In a letter to the Competition and Markets Authority, the all-party parliamentary group on mortgage prisoners says even during this period of record-low official rates, mortgage prisoners are typically paying 4.4%, two and half times the most competitive rates of 1.8% or less.
"Mortgage prisoners are being exploited, by both fully regulated lenders and unregulated vulture funds by being held on high standard variable rates, "says the letter, signed by LibDem, Conservative and Labour MPs.

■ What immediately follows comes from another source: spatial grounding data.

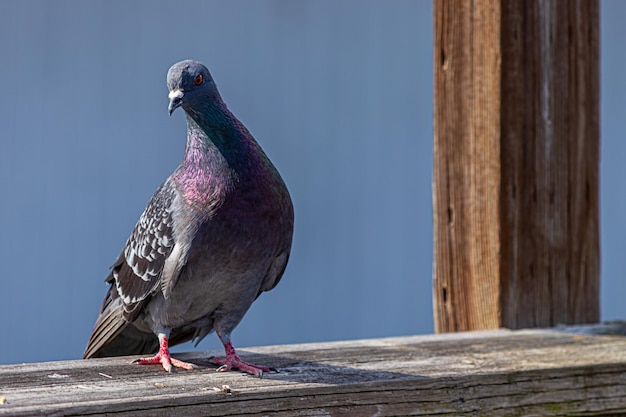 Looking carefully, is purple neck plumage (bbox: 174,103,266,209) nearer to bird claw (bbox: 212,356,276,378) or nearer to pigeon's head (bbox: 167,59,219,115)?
pigeon's head (bbox: 167,59,219,115)

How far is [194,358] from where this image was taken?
2.61m

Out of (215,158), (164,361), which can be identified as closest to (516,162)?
(215,158)

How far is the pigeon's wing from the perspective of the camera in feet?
8.23

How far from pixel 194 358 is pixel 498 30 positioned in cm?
142

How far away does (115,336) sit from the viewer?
2719mm

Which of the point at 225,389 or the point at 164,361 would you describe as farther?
the point at 164,361

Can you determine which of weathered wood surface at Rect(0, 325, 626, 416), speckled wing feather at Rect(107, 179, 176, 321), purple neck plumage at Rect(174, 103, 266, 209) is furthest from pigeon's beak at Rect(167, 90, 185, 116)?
weathered wood surface at Rect(0, 325, 626, 416)

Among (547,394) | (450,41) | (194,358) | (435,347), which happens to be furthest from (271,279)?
(450,41)

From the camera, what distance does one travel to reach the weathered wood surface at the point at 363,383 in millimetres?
2082

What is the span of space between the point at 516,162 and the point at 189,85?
125 cm

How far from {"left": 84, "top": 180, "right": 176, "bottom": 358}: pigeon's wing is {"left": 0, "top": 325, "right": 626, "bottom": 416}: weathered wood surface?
200 mm

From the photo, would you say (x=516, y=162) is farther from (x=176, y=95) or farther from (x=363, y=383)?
(x=176, y=95)

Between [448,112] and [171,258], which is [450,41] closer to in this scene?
[448,112]

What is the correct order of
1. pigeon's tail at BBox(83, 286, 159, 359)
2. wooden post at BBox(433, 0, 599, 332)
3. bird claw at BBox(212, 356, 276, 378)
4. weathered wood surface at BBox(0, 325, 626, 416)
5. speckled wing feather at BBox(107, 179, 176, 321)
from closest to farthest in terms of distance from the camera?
weathered wood surface at BBox(0, 325, 626, 416) < bird claw at BBox(212, 356, 276, 378) < speckled wing feather at BBox(107, 179, 176, 321) < pigeon's tail at BBox(83, 286, 159, 359) < wooden post at BBox(433, 0, 599, 332) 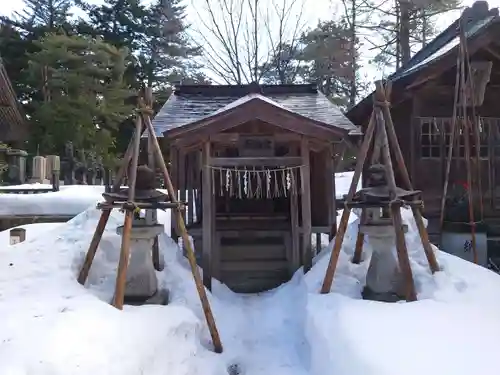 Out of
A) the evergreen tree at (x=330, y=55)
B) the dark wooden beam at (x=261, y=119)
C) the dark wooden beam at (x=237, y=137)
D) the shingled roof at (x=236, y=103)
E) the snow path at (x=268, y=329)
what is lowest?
the snow path at (x=268, y=329)

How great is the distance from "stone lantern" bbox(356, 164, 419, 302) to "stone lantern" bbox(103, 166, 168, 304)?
273 centimetres

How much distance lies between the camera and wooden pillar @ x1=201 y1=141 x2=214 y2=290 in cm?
698

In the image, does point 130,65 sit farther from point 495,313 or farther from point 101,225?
point 495,313

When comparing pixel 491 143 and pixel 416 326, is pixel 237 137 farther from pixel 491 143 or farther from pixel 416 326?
pixel 491 143

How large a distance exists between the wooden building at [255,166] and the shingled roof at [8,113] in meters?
4.61

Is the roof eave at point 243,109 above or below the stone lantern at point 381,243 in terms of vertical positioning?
above

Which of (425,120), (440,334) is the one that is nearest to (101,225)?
(440,334)

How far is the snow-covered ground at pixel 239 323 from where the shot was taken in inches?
142

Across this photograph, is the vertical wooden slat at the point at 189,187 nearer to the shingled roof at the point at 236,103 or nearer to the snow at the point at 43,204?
the shingled roof at the point at 236,103

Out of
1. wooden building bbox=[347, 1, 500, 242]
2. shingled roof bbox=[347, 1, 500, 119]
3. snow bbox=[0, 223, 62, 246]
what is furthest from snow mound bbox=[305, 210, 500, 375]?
snow bbox=[0, 223, 62, 246]

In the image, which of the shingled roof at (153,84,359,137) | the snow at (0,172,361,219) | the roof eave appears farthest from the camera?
the snow at (0,172,361,219)

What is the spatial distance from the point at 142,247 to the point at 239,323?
169 cm

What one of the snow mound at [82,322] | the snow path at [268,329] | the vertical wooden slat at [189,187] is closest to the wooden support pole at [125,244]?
the snow mound at [82,322]

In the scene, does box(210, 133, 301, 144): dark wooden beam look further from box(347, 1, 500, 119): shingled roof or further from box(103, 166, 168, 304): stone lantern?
box(347, 1, 500, 119): shingled roof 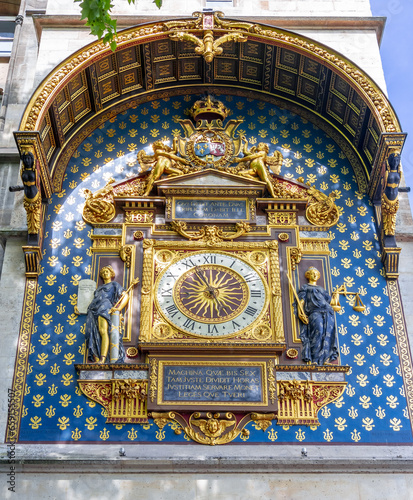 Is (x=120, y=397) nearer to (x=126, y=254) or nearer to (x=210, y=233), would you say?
(x=126, y=254)

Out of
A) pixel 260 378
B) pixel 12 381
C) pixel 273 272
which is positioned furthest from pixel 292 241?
pixel 12 381

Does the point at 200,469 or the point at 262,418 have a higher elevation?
the point at 262,418

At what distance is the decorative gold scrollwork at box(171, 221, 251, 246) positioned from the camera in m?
13.8

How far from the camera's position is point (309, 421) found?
1234cm

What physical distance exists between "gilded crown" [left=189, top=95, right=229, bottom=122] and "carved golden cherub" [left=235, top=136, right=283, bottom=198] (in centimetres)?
64

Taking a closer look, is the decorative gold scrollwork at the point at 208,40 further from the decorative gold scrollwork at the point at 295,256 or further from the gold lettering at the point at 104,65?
the decorative gold scrollwork at the point at 295,256

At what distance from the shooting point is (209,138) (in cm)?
1497

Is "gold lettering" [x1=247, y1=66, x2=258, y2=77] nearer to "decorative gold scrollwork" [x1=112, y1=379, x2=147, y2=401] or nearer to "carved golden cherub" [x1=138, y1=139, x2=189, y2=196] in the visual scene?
"carved golden cherub" [x1=138, y1=139, x2=189, y2=196]

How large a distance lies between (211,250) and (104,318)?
6.67ft

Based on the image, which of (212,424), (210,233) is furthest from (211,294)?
(212,424)

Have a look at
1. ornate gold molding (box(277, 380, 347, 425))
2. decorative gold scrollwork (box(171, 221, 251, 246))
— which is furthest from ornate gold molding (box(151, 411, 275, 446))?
decorative gold scrollwork (box(171, 221, 251, 246))

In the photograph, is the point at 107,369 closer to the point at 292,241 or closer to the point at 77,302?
the point at 77,302

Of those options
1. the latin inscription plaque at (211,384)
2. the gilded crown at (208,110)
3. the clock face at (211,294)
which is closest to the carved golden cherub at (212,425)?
the latin inscription plaque at (211,384)

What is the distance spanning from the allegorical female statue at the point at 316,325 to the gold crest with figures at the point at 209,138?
2738 millimetres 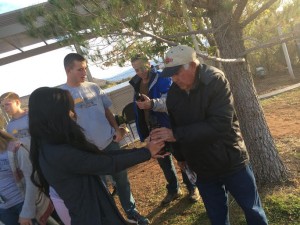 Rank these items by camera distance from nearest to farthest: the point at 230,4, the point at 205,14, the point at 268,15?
the point at 230,4
the point at 205,14
the point at 268,15

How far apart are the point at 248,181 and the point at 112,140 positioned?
1.69 metres

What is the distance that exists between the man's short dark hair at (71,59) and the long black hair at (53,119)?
142 cm

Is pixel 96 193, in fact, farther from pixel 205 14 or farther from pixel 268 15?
pixel 268 15

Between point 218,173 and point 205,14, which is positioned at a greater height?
point 205,14

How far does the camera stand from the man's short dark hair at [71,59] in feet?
11.3

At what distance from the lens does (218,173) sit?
2.54 metres

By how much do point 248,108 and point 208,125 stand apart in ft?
5.58

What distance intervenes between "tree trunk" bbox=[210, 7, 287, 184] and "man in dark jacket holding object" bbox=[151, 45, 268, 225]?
4.56 feet

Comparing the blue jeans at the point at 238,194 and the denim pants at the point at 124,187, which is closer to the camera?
the blue jeans at the point at 238,194

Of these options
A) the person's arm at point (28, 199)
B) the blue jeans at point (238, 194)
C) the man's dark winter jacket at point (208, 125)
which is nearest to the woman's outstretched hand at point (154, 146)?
the man's dark winter jacket at point (208, 125)

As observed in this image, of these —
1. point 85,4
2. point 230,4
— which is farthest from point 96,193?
point 230,4

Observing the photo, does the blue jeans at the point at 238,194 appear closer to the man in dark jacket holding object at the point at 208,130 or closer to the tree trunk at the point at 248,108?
the man in dark jacket holding object at the point at 208,130

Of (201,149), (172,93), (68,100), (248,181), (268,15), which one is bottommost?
(248,181)

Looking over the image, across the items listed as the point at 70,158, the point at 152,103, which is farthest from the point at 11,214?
the point at 152,103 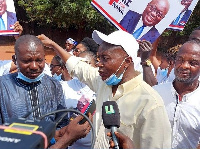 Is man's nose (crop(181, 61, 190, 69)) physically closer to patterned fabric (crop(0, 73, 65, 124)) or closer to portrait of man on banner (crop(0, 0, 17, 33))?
patterned fabric (crop(0, 73, 65, 124))

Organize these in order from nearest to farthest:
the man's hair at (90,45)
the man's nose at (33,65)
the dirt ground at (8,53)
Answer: the man's nose at (33,65)
the man's hair at (90,45)
the dirt ground at (8,53)

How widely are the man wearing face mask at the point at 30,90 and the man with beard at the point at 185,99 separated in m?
0.78

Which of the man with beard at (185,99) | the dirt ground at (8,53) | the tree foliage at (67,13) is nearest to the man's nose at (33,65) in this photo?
the man with beard at (185,99)

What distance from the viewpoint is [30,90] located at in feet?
8.39

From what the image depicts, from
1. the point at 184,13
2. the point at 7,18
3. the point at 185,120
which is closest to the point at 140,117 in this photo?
the point at 185,120

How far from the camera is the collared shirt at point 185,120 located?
107 inches

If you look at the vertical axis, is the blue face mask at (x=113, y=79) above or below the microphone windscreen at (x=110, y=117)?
above

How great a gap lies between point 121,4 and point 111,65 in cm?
216

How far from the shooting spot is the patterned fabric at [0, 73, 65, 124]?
244 cm

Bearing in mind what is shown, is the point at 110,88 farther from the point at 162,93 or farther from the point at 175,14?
the point at 175,14

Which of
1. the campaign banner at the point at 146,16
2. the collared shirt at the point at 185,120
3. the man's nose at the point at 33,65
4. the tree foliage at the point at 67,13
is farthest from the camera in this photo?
the tree foliage at the point at 67,13

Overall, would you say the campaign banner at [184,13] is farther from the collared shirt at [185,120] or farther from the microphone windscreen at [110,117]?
the microphone windscreen at [110,117]

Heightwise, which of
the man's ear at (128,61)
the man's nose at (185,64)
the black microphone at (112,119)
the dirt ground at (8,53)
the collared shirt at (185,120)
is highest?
the man's ear at (128,61)

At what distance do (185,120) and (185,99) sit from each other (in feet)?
0.62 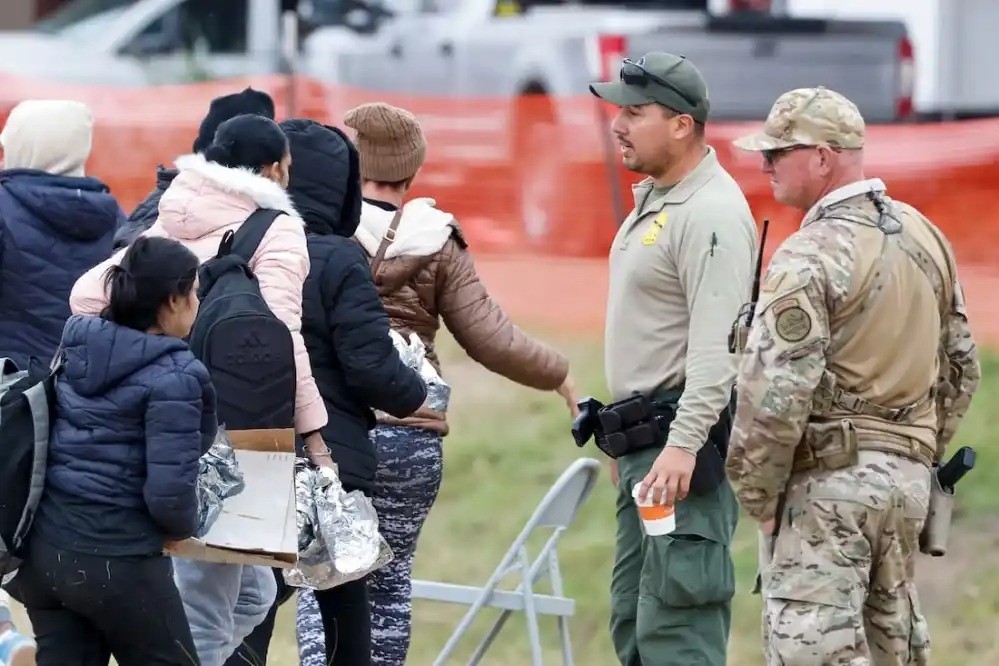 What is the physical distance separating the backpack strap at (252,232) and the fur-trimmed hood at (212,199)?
0.06 feet

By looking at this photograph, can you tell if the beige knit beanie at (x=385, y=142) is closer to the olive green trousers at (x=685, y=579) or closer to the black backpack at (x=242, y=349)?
the black backpack at (x=242, y=349)

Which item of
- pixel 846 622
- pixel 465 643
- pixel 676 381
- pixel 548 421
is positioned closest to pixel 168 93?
pixel 548 421

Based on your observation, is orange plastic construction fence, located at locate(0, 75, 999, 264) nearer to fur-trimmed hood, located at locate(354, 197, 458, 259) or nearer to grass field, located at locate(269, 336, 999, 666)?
grass field, located at locate(269, 336, 999, 666)

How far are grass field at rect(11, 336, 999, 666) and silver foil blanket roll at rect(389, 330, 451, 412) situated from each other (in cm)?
151

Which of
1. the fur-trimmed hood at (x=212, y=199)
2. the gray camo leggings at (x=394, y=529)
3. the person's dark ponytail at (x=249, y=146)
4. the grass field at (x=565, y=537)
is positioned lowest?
the grass field at (x=565, y=537)

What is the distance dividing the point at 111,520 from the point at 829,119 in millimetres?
1867

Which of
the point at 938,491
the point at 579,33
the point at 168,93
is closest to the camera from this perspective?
the point at 938,491

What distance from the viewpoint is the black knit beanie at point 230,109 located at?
16.8 ft

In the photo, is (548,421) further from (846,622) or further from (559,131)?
(846,622)

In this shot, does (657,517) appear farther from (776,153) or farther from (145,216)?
(145,216)

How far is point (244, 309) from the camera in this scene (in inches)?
165

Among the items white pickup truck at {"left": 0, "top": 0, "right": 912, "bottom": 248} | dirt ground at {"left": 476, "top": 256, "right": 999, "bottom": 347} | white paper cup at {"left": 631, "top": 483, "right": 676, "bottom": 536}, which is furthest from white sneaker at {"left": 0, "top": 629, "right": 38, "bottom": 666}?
white pickup truck at {"left": 0, "top": 0, "right": 912, "bottom": 248}

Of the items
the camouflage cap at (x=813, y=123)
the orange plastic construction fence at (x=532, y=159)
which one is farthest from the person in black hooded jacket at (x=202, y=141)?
the orange plastic construction fence at (x=532, y=159)

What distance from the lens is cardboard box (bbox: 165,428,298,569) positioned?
165 inches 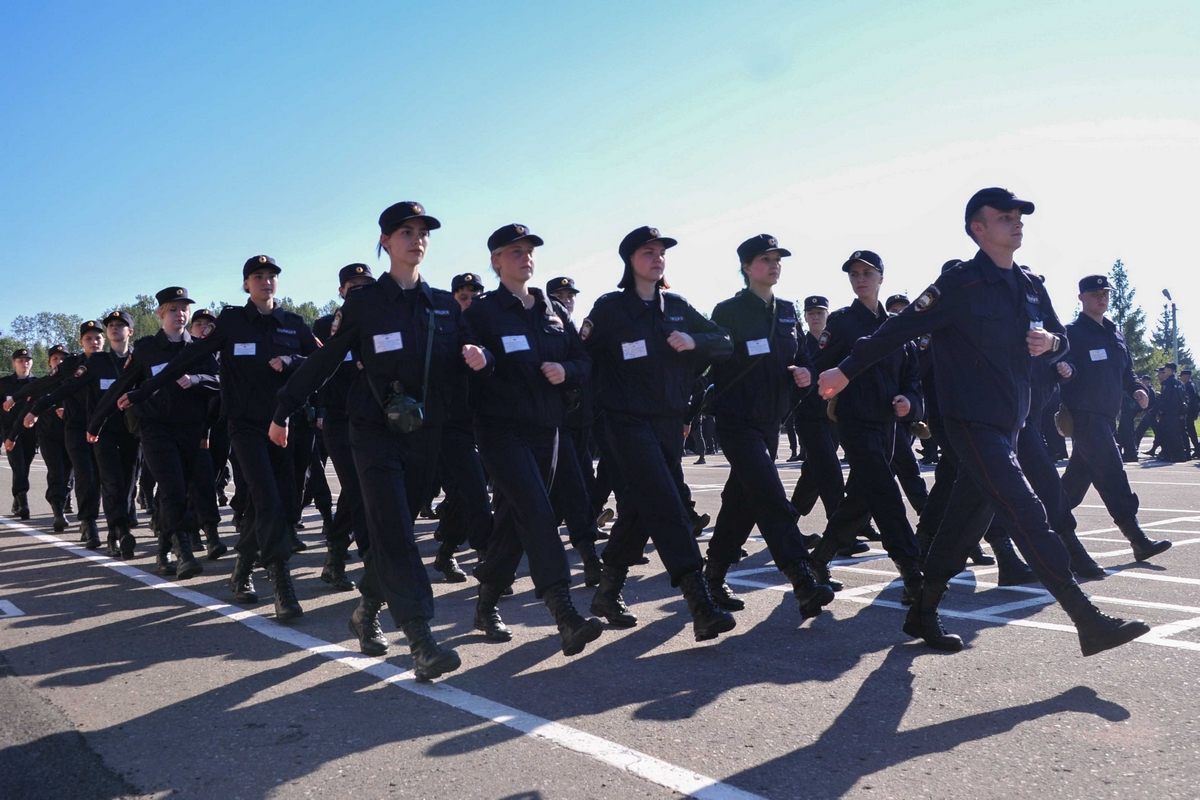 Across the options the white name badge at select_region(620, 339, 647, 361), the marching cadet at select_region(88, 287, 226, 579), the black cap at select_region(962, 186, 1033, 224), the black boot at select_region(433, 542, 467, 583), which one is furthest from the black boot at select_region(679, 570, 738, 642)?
the marching cadet at select_region(88, 287, 226, 579)

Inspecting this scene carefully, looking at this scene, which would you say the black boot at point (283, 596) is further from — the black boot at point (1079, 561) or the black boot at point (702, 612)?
the black boot at point (1079, 561)

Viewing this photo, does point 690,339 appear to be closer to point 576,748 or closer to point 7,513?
point 576,748

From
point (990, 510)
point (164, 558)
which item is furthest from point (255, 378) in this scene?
point (990, 510)

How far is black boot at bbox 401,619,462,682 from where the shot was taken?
15.6 ft

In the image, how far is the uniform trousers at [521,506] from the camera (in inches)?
210

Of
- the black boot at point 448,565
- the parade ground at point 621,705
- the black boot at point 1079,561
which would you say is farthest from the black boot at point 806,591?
the black boot at point 448,565

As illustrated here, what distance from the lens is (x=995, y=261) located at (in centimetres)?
521

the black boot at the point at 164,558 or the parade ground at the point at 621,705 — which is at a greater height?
the black boot at the point at 164,558

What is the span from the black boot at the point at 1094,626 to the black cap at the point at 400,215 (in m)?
3.33

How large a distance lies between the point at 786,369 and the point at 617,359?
41.0 inches

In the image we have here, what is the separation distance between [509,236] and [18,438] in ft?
35.6

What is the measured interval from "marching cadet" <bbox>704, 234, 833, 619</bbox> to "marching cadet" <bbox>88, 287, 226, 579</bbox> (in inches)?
173

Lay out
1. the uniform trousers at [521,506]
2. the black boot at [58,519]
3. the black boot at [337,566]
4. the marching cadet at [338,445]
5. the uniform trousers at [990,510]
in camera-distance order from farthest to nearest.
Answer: the black boot at [58,519], the black boot at [337,566], the marching cadet at [338,445], the uniform trousers at [521,506], the uniform trousers at [990,510]

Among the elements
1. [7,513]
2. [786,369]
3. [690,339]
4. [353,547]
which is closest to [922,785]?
[690,339] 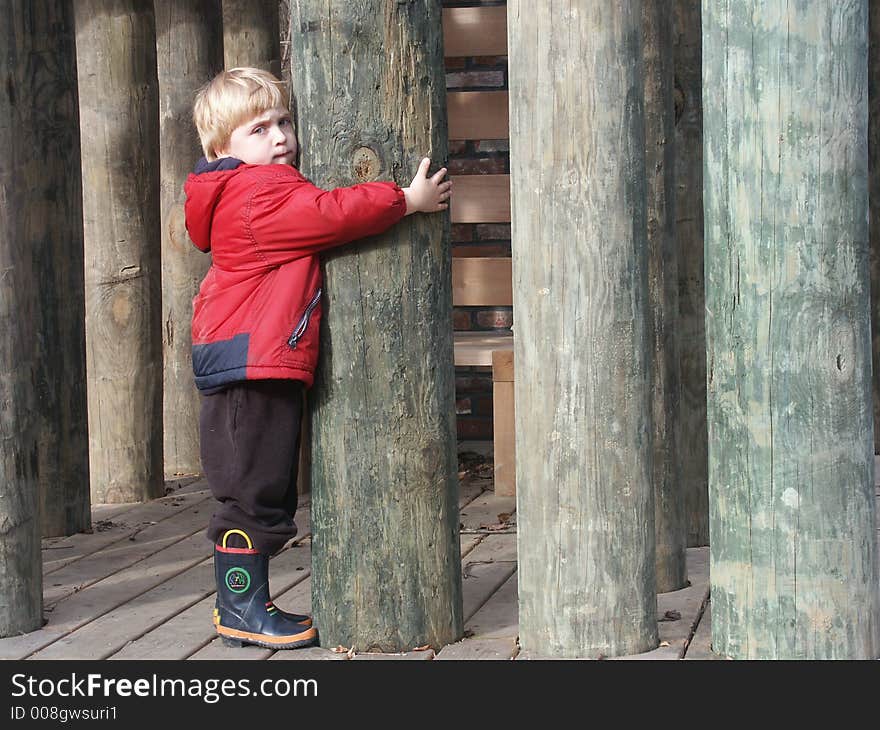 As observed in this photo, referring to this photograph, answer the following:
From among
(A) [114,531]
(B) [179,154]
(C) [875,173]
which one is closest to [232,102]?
(A) [114,531]

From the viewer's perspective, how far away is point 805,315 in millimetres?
3490

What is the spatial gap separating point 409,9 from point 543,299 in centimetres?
79

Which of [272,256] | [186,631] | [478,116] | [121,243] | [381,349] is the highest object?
[478,116]

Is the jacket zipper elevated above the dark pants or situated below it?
above

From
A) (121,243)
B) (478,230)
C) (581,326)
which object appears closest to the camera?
(581,326)

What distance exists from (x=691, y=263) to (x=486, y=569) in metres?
1.24

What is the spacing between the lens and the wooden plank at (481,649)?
12.7 feet

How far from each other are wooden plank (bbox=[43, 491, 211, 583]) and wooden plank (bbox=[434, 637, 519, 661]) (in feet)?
5.41

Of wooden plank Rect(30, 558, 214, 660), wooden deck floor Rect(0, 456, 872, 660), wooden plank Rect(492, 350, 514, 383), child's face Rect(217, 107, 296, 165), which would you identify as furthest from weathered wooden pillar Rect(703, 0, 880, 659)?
wooden plank Rect(492, 350, 514, 383)

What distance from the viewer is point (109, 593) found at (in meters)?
4.78

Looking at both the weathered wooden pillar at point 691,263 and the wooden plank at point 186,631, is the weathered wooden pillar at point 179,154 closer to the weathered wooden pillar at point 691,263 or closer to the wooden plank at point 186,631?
the wooden plank at point 186,631

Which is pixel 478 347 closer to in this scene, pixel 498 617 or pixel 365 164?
pixel 498 617

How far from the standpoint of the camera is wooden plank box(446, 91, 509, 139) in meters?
7.21

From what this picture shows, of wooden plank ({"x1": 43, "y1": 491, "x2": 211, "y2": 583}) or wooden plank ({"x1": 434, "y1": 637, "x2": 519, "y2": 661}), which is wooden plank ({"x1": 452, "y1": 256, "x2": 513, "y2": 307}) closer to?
wooden plank ({"x1": 43, "y1": 491, "x2": 211, "y2": 583})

"We believe that the only way mortgage prisoners will see the vital improvements they need within an acceptable timescale will be for the CMA and the FCA to conduct a joint consultation and introduce a cap on standard variable rates."
A spokesman for the Treasury said: "We know that being unable to switch your mortgage can be stressful.
"That's why we've introduced rules that will make it easier for some customers to change provider, which we now expect to be in place by the end of the year.
"The Financial Conduct Authority has also reiterated to lenders that customers on variable rate mortgages must be treated fairly, and that lenders should be actively reviewing their rates."